On the other hand, there are a few bad actors (male and female) who will stop at nothing to undermine their ex. Here is the "top seven" list of Dirty Divorce Tricks that I have dealt with in my office (in no particular order):
1. Lining pockets before the divorce: Squirreling away cash can take many forms, from ATM withdrawals months and even years before the divorce is filed, to wire transfers, HELOC loans, buying gift cards, and hiding assets with family members.
2. Calling the IRS on a spouse: This is an act of pure spite, trying to implicate an ex who is not reporting income, or involved in other shady shenanigans. This move can backfire in a big way, because tax audits can ensnare both spouses, especially if they filed joint tax returns.

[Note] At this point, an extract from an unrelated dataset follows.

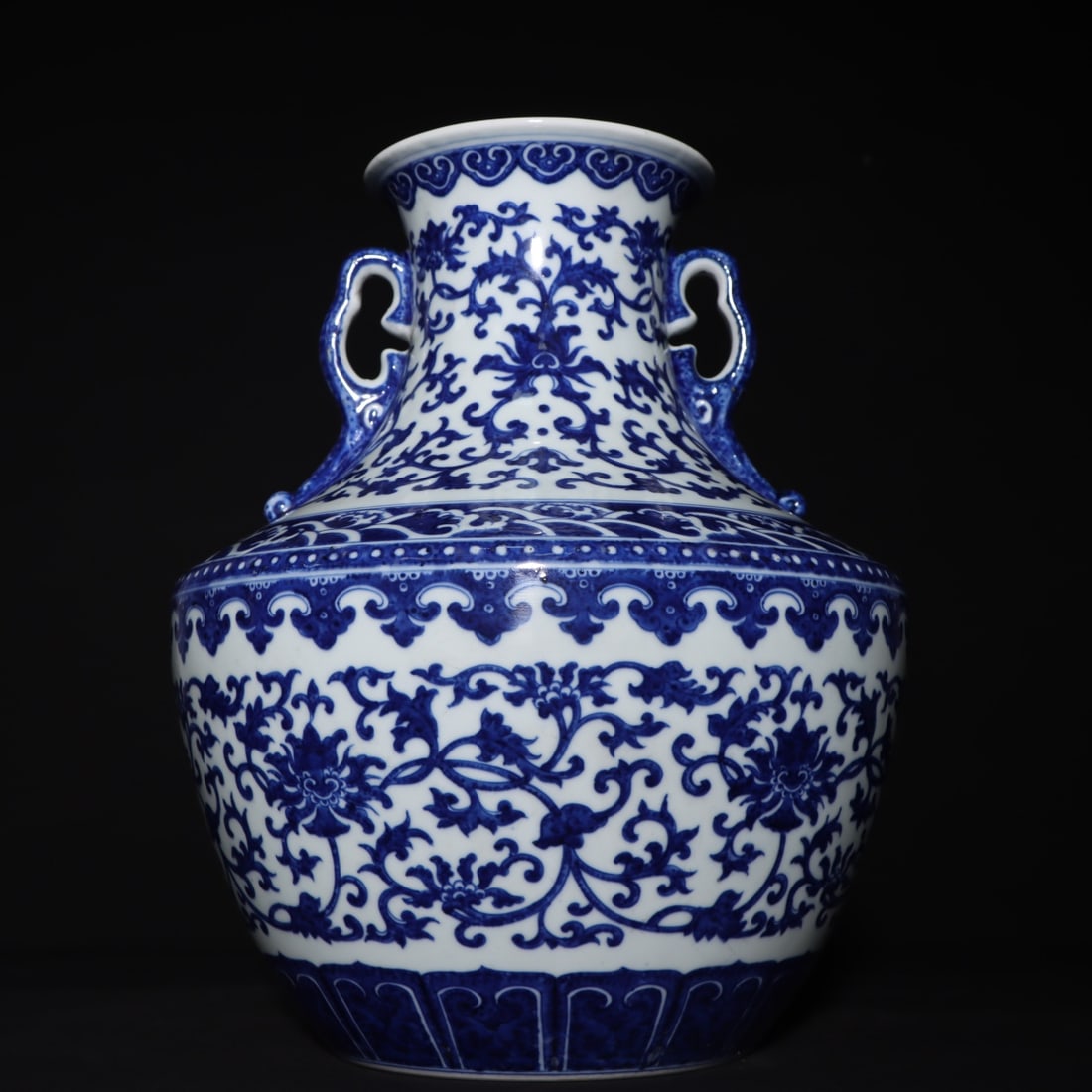 An Exquisite Blue and White Lotus Pattern Double-Ears Vase: An Exquisite Blue and White Lotus Pattern Double-Ears Vase Qing Dynasty, China Qianlong Six-character Mark Size:29cmx25cm (The Dimensions Of All Batches Are Manually Measured.If You Need More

3. Cancelling credit cards: In most states, a divorce proceeding means that spouses are not responsible for the new debts of the other. Cancelling a credit card might be a smart financial move, but not when it leaves a dependent spouse and children high and dry. Cancelling car insurance and household utilities is a very bad look in front of the judge.
4. Clearing Out the Safe: Or safe deposit box. It is very common for cash, jewelry, artwork, and even passports to suddently go "missing" during a divorce. Not only is it hard to prove who took these tangible assets, stealing personal property can really inflame your ex, and this can set the stage for a nasty litigation.
5. Hacking the cell phone, email, car GPS and home computer: I see this more and more in my practice. Cameras, spyware, microphones and other technology can be used to gather information, invade privacy and set up a case to use against you in court. If your ex is true sociopath, he will set you up by instigating arguments and videotaping you. If you suspect this is going on, take your cell phone and laptop to a security expert asap.
6. Consulting with many divorce attorneys: This is a very common maneuver in the high net worth crowd. Every county has top practitioners, and if a spouse has a premeditated plan to undermine the ex in a future divorce, he or she can set up appointments to meet with the best law firms in town for a consultation. Those law firms are then unable to represent the spouse due to a conflict of interest.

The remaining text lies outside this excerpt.